Is my data encrypted?
Thank you!
"The project is under very active development. Expect bugs and changes. Do not use it as the only way to store your photos and videos!"
[1]: https://ente.io/blog/image-search-with-clip-ggml/
Combining it with "The Search Page" app makes it a quite comfortable experience as is.
- Does the metadata editing allow it to write back to the file, storing the edited metadata in a sidecar or in the EXIF data? - Does it support some kind of auto-stacking? E.g. having raw files alongside exported tiff/jpg and recognizing that they are the same file? Especially for a nextcloud based solution, that'd be awesome
I see "external sharing" is mentioned but haven't found more information on that. Ideally I'd want the option to share an album with password protection, doesn't require an account to view, and allows comments on photos. Bonus would be to have a running album feed with view receipts per account.
I know that's a lot but wanted to be specific. I'm ready to migrate but haven't found a platform that has feature parity on this front.

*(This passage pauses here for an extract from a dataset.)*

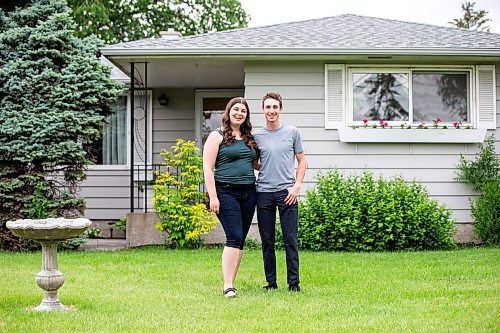 MIKAELA MACKENZIE / FREE PRESS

The reason I pay for tons of extra Google photos storage is it tags and uploads and pics of my kiddos to an album shared with all the grandparents. It's their favourite app in the world and I'm never allowed to cancel.
Could I replicate that here?
Edit: It doesn't change the fact that the behavior is creepy though. Maybe that's the criticism.
I installed this, indexed the photos, etc, but I still get lots of grey boxes (photos not loading) when I browse. Am I missing something, or is my server just too slow for this?
EDIT: I think my server is just too slow. The entire machine freezes when loading one of the photos.
Also note there are some extra config steps for the preview app (initial run, cron job). See https://github.com/nextcloud/previewgenerator
Also, is there a mobile app? Most of the time when I look at pictures I am on the phone
If you need the AI features those require separate apps and depending on your deployment it might need some effort. I'm running a docker image and had to ensure I have some of the required libraries for the AI things to work. It isn't too hard to misconfigure though and I believe there's a decent amount of resources for this.
As for mobile app, there isn't an explicit one but the webapp interface is mobile friendly and works pretty well. I also use NC photos and it still works with the tags and face recognition things. That app doesn't require "Memories" as far as I know.